The social studies department at LT has partnered with the League of Women Voters of LaGrange (LWV) in order to make the mock election as realistic as possible, Houston said. For example, the Cook County Election Operations Center is providing actual sample ballots and voting booths, LWV Voter Services chair Melissa Liebs said.

“One of the missions of the League of Women Voters is to educate and empower voters,” Liebs said. “It is important to show voters how easy and necessary it is to vote.”

Mock elections are meant to increase active student participation in government affairs, Houston and Liebs said.

“A mock election is a critical tool used to increase the probability of getting voters to the polls by demystifying the voting process,” Liebs said. “Democracy will not work [with a] low voter turnout. [A mock election] is a tool used to increase voter turnout; that is why the LWV and LT feel mock elections are important.”

After all votes have been cast, they will be counted by hand because of the lack of an electronic scanner.

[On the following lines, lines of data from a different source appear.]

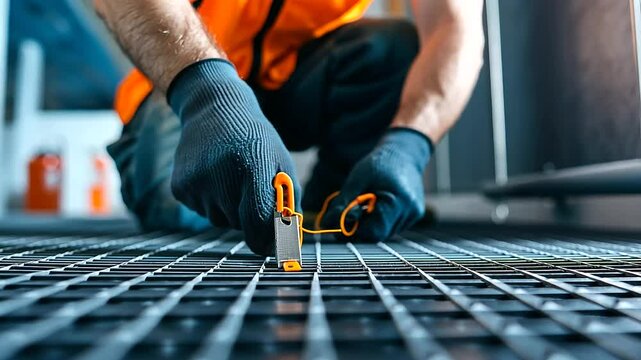 A close-up of an underfloor heating pipe being secured with zip ties to a mesh grid, as the plumber aligns the system for even heat distribution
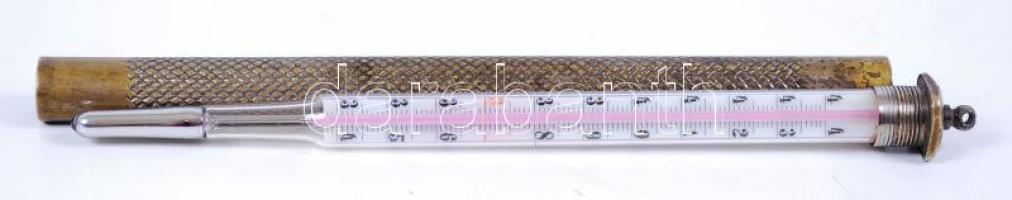 cca 1930 Higanyos hőmérő cizellált réz tokban, (Libál János munkája, Budapest), 13 cm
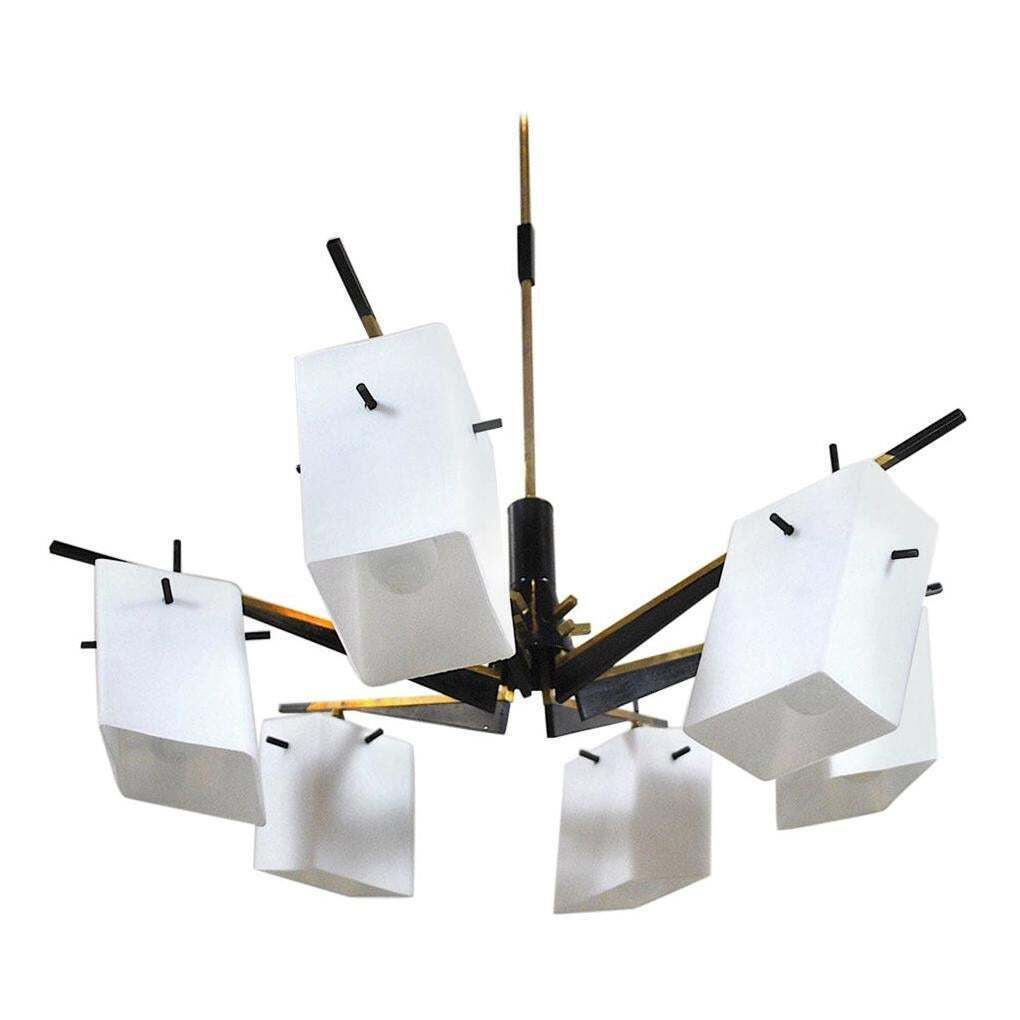 Stilux Chandelier Italian Midcentury From The 1960s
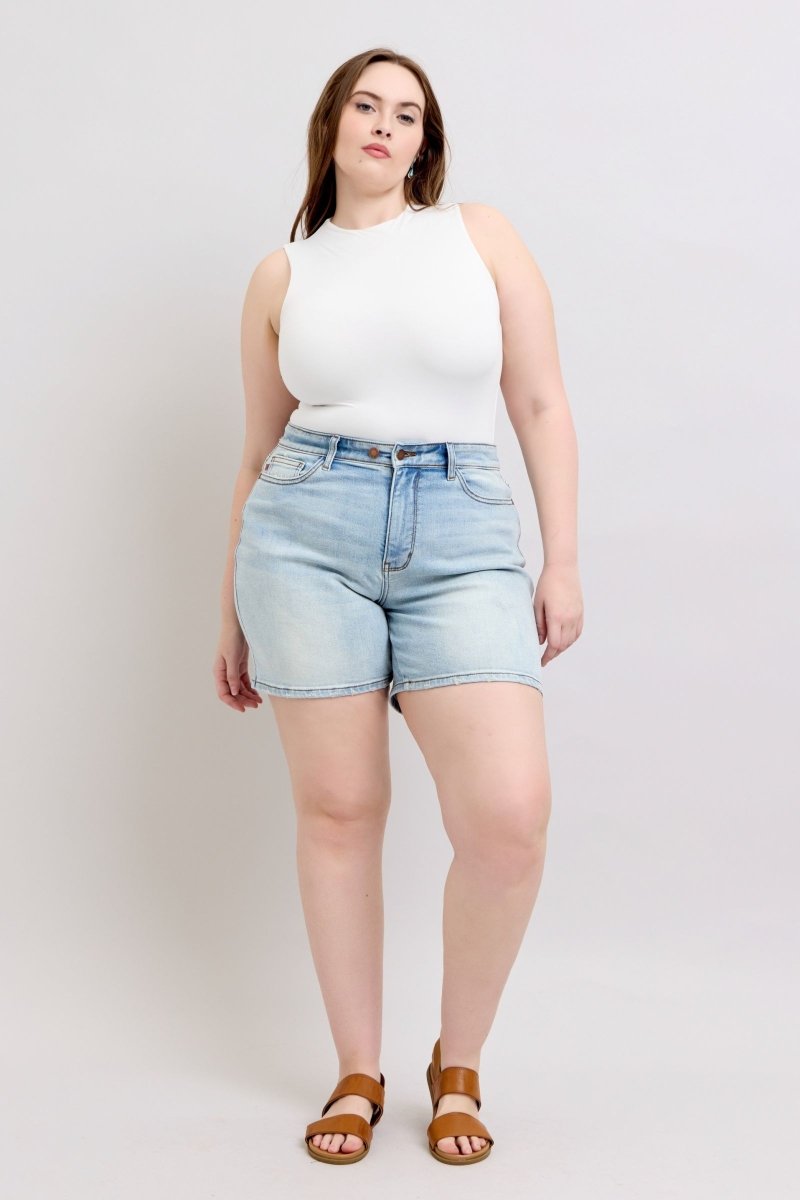 Judy Blue Full Size 2 Button Denim Shorts with Pockets Plus Size - Love Salve 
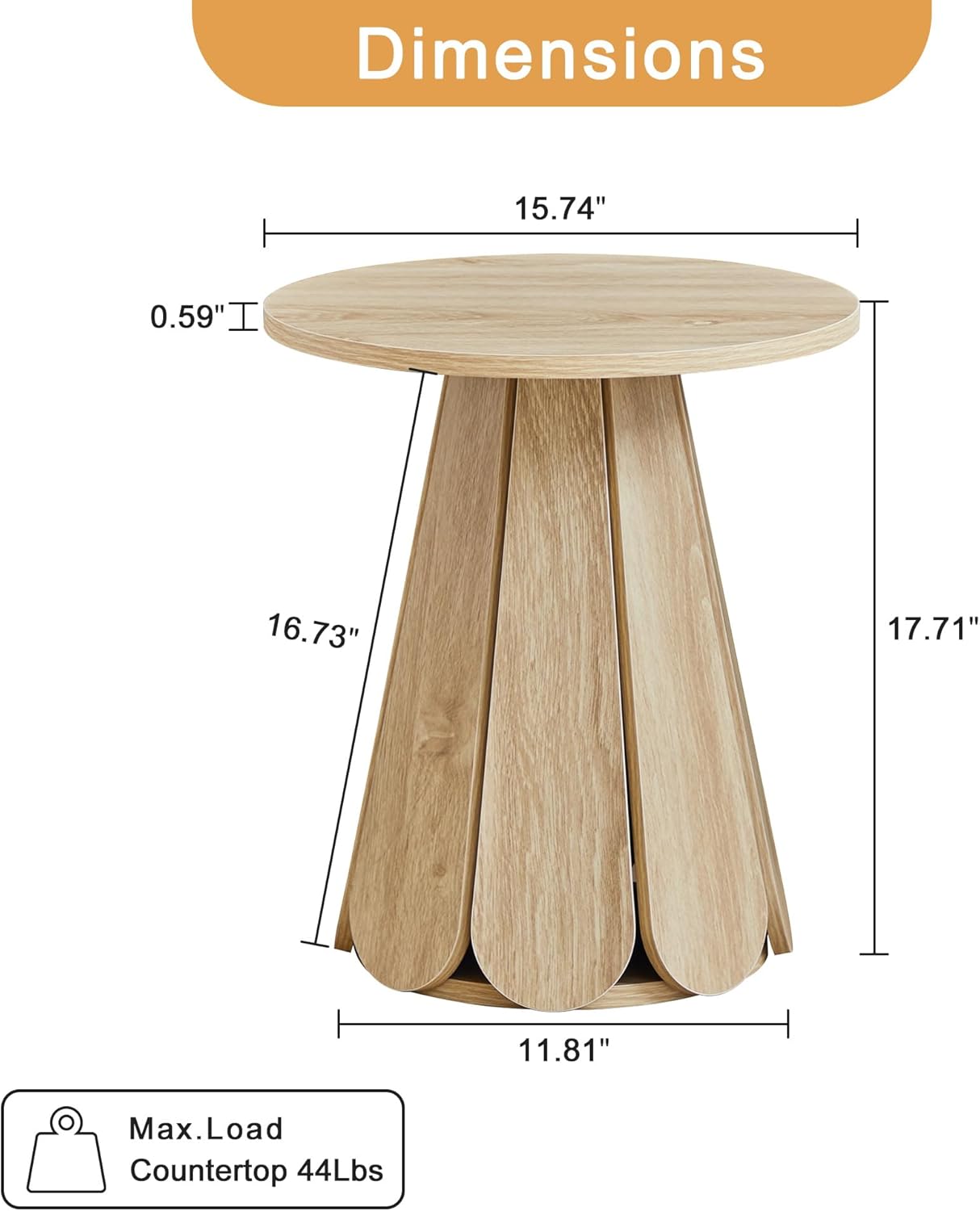 Small Round End Table Nightstand Set of 2, Mid Century Modern Side Table with Petal Base, Wood Bedside Table for Bedroom, Small Space Natural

Thus, the final tally will be announced either at the end of the day or later, depending on the number of student voters that participate, Houston said.

Students will not be voting on the various state representatives and state senators up for election as those races pertain to specific counties in which not all LT students live.

“I think high school students have a lot to offer, so I think educating them about elections and making it more likely that they’ll participate benefits them and society,” Houston said. “I think their voices are very important and valuable.”